## Information shown
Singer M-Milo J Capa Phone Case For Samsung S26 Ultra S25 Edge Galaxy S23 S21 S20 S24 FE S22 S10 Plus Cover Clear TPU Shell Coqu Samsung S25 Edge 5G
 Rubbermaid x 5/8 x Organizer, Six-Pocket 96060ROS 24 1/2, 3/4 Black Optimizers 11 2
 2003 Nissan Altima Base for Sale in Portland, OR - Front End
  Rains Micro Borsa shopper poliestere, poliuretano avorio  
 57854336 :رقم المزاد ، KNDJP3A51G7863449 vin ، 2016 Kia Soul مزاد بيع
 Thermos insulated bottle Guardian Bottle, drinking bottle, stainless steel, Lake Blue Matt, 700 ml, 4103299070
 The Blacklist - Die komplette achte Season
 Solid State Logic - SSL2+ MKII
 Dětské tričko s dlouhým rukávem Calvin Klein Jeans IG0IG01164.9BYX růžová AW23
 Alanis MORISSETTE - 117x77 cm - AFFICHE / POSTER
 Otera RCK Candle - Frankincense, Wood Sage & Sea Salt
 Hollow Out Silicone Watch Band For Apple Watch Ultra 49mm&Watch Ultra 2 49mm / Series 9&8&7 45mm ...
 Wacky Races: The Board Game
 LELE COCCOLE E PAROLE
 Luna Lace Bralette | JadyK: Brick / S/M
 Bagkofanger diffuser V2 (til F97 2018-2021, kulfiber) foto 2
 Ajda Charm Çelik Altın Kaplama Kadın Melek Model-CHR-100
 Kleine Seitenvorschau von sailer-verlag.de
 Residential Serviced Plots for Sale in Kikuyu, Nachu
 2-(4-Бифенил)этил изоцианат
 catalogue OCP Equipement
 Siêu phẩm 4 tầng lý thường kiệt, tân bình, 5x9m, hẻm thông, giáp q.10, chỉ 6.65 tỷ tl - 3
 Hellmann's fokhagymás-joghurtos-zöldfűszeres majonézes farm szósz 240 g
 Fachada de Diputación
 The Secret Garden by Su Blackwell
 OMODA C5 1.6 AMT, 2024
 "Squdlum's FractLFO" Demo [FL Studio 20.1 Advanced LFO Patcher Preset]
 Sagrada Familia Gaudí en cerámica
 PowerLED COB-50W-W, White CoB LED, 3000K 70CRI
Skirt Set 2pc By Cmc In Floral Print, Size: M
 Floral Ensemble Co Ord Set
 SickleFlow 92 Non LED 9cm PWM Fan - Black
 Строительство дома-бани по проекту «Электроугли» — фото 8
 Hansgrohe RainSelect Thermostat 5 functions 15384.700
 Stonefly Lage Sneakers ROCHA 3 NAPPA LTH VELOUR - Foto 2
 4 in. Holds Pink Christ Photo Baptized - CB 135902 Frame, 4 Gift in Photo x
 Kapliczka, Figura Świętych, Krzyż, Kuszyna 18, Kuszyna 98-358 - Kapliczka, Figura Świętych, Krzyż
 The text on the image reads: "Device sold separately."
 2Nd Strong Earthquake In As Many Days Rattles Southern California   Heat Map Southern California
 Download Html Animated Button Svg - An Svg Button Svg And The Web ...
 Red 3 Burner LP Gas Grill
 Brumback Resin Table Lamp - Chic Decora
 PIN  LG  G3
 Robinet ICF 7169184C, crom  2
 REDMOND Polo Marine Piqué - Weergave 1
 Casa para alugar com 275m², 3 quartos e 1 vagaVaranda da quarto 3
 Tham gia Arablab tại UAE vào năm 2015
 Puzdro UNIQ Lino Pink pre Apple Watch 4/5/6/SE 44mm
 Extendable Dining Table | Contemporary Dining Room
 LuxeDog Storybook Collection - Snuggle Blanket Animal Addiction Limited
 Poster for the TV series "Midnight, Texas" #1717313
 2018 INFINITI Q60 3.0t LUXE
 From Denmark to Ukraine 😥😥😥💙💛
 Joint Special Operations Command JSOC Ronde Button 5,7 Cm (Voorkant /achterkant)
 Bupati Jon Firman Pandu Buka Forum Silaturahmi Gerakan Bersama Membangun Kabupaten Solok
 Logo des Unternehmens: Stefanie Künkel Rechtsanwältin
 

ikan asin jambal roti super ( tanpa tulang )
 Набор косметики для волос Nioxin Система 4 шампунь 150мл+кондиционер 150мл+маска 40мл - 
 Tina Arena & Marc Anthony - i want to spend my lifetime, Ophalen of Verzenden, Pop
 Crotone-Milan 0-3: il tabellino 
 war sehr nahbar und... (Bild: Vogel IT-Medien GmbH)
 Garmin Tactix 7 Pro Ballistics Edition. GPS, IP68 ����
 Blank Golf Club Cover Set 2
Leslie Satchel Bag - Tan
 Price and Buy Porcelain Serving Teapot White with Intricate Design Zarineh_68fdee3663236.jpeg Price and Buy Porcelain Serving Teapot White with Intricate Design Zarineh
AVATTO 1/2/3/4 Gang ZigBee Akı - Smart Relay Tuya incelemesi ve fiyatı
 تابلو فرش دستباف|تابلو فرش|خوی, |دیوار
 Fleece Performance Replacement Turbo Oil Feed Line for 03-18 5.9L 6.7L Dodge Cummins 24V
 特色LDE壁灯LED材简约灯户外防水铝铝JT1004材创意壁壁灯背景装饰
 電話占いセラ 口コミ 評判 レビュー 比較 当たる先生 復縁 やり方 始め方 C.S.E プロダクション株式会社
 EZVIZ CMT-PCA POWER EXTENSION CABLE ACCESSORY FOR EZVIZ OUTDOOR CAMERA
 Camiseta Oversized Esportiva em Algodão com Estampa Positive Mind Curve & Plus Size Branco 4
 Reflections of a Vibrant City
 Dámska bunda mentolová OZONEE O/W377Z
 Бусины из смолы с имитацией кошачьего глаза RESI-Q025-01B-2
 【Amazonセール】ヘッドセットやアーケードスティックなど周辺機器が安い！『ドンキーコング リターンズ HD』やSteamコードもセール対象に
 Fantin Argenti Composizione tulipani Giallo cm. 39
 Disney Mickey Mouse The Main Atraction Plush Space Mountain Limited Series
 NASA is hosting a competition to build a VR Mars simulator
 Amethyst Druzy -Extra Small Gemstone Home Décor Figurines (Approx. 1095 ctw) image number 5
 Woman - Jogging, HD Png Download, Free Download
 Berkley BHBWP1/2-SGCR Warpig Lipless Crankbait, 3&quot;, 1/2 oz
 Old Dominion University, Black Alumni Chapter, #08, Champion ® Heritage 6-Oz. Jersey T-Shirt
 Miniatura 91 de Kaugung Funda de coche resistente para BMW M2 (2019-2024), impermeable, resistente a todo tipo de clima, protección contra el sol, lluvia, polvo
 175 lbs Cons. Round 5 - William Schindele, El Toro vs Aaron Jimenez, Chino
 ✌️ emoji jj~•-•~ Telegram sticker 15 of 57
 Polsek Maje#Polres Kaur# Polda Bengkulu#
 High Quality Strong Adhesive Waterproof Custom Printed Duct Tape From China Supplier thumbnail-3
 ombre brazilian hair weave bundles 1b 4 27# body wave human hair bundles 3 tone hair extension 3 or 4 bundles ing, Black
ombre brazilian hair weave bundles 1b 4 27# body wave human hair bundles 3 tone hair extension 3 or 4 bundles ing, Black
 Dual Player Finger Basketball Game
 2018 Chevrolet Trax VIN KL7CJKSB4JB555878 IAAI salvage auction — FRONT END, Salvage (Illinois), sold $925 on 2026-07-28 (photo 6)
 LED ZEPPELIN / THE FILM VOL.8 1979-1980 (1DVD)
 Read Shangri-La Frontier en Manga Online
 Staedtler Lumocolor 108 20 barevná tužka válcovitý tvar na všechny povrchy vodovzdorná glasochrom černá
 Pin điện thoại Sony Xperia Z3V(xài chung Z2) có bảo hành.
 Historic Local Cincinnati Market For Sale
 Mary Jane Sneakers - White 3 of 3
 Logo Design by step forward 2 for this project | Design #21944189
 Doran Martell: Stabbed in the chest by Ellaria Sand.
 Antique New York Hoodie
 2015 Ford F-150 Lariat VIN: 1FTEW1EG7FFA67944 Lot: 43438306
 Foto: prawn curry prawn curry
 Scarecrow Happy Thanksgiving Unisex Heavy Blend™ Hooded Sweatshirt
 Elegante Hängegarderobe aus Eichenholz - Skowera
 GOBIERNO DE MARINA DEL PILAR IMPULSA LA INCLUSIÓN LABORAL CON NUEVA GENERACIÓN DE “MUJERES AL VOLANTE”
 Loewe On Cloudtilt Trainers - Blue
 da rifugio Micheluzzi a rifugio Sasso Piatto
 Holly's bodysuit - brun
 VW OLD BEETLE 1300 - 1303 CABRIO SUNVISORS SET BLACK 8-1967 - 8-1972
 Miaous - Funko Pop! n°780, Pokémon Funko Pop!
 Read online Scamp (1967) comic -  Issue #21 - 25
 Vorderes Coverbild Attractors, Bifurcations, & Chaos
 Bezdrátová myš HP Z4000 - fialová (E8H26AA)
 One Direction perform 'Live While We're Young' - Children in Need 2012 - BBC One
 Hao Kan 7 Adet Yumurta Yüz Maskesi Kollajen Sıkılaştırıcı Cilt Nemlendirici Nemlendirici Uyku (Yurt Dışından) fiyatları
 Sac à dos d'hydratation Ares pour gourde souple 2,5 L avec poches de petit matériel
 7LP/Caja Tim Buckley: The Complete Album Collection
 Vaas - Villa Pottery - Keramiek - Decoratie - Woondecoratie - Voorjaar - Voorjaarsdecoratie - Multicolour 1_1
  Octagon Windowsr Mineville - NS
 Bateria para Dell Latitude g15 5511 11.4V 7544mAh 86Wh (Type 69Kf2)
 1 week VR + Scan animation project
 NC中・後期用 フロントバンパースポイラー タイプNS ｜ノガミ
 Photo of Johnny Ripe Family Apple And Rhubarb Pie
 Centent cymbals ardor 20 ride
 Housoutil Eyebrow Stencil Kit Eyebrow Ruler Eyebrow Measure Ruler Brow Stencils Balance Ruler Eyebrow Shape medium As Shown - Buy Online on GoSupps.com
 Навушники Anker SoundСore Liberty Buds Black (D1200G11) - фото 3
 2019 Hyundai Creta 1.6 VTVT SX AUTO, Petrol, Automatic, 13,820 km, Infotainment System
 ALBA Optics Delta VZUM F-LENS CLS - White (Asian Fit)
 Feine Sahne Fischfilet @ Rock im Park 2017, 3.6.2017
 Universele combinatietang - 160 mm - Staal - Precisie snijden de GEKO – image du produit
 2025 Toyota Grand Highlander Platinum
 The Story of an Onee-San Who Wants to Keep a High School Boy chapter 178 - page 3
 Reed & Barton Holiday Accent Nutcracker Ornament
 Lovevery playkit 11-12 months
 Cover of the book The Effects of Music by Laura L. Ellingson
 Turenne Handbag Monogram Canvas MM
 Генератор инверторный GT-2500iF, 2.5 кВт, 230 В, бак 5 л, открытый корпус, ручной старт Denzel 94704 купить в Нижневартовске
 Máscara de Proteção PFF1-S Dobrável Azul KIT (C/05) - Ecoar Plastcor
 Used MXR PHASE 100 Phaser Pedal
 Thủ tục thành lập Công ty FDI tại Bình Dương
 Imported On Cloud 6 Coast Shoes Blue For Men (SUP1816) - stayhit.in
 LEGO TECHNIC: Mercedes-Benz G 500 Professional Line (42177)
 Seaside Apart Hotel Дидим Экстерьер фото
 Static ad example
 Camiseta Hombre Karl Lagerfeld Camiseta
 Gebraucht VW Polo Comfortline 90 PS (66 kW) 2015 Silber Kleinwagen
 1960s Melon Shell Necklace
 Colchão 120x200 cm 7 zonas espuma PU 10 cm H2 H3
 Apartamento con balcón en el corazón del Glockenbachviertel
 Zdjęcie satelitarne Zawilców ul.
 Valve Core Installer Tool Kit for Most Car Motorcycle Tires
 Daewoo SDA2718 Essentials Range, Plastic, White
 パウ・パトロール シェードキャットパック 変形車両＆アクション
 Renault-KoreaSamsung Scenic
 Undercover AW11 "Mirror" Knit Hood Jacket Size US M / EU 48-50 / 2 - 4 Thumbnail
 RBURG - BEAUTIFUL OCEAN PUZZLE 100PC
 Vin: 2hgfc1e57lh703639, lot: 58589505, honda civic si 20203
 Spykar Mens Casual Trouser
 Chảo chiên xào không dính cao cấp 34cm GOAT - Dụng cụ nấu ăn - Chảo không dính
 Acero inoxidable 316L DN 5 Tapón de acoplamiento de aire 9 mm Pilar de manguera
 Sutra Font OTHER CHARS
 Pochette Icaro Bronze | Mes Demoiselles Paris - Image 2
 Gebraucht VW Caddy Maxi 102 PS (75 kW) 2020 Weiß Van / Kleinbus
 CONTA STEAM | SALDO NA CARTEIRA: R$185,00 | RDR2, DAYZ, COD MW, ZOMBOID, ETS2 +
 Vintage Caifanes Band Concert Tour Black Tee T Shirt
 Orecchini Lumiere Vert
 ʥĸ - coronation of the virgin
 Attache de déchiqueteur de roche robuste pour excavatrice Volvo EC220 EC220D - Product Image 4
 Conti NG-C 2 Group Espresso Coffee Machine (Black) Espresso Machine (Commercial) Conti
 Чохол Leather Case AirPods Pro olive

## Task item
Reply with nothing except the number of lines in the records that include the word "Pink".

## Response below
2